=== EXERCISE PROMPT ===
Transcribe exactly the line with "Plakanıza Özel Honda" and each line that follows it in the listing, down to the last, omitting all pictures.

=== DATA RECORDS ===
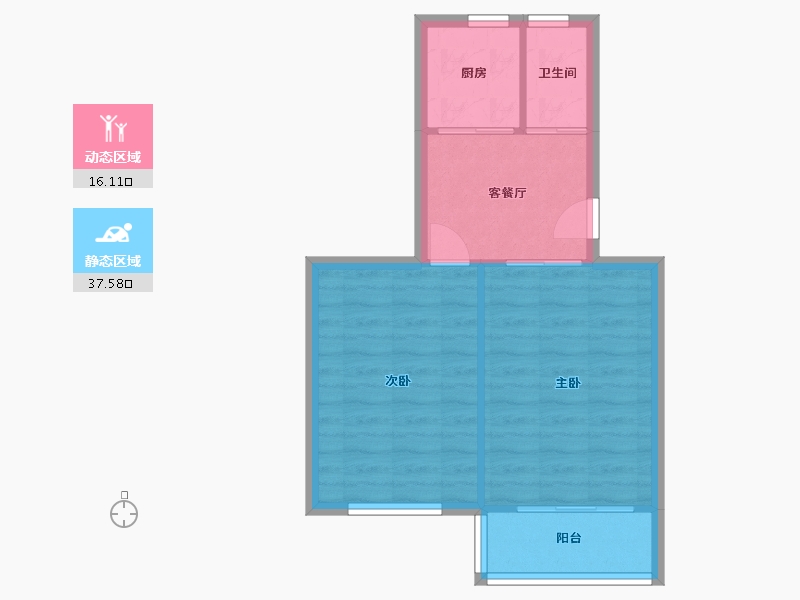 江苏省-南京市-莫愁新村-47.70-户型库-动静分区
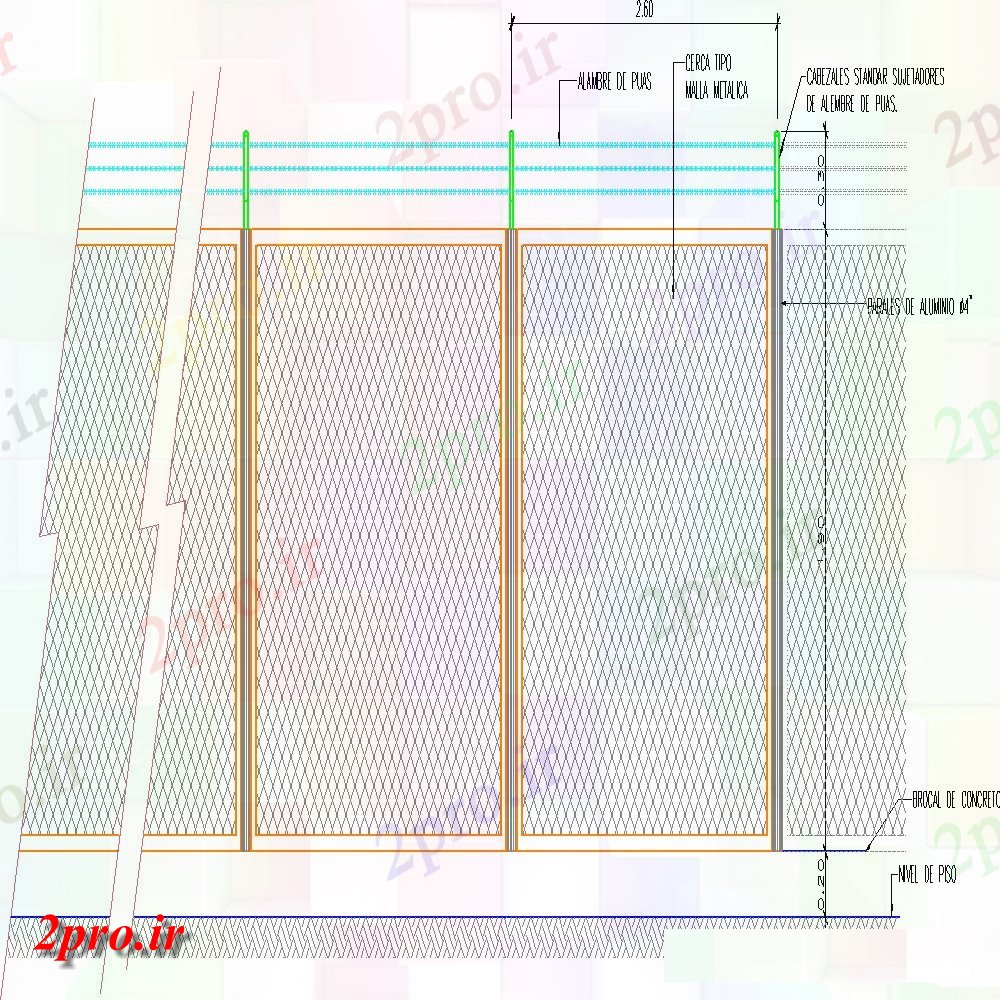 دانلود نقشه جزئیات ساخت و ساز دیوار نما دروازه جزئیات (کد140182)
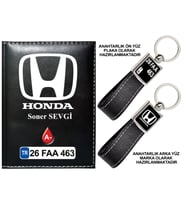 Plakanıza Özel Honda Logolu Siyah Ruhsat Kabı ve Anahtarlık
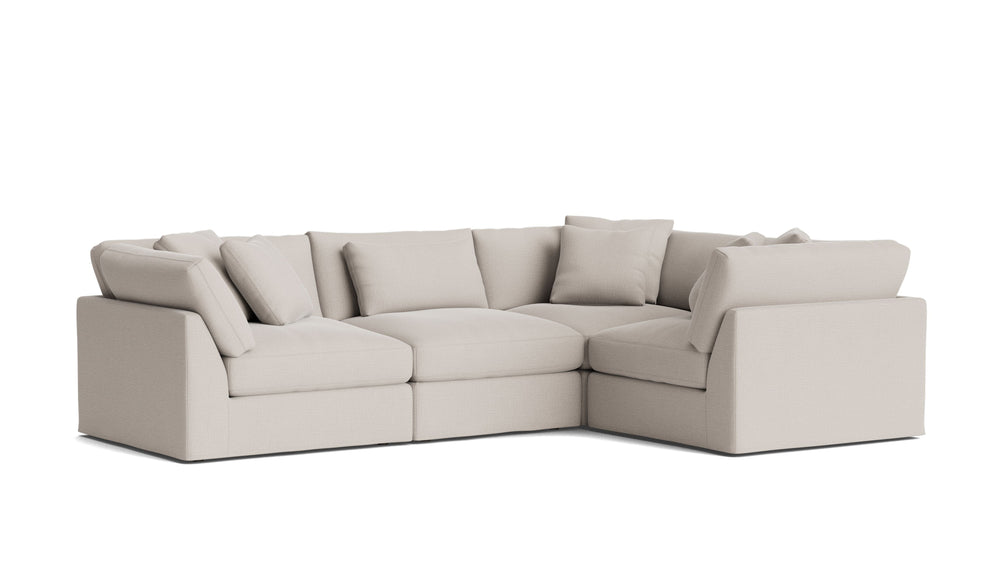 Get Together™ Seccional modular de 4 piezas, cerrado, grande, Arcilla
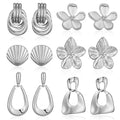 Chunky Gold Earrings For Women Trendy Statement Gold Plated Flower Shell Knot Dangle Earrings Lightweight Hypoallergenic Fashion Jewelry Set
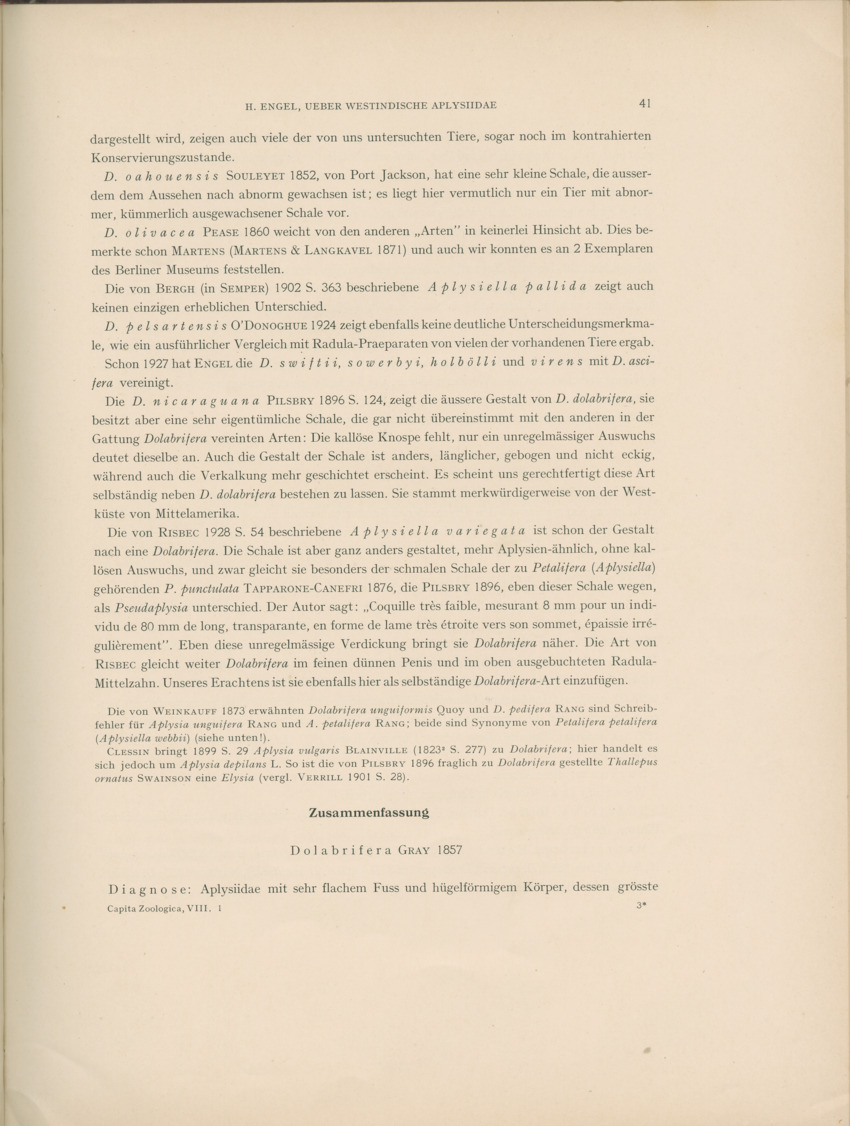 Ueber Westindische Aplysiidae und verwandten anderer gebiete - Capita Zoologica Vol VIII, part 1 (Zoologische Ergebnisse einer Reise nach Bonaire, Curacao und Aruba, nr 23) - New Page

=== RESULT OF THE EXERCISE ===
 Plakanıza Özel Honda Logolu Siyah Ruhsat Kabı ve Anahtarlık
 Get Together™ Seccional modular de 4 piezas, cerrado, grande, Arcilla
 Chunky Gold Earrings For Women Trendy Statement Gold Plated Flower Shell Knot Dangle Earrings Lightweight Hypoallergenic Fashion Jewelry Set
 Ueber Westindische Aplysiidae und verwandten anderer gebiete - Capita Zoologica Vol VIII, part 1 (Zoologische Ergebnisse einer Reise nach Bonaire, Curacao und Aruba, nr 23) - New Page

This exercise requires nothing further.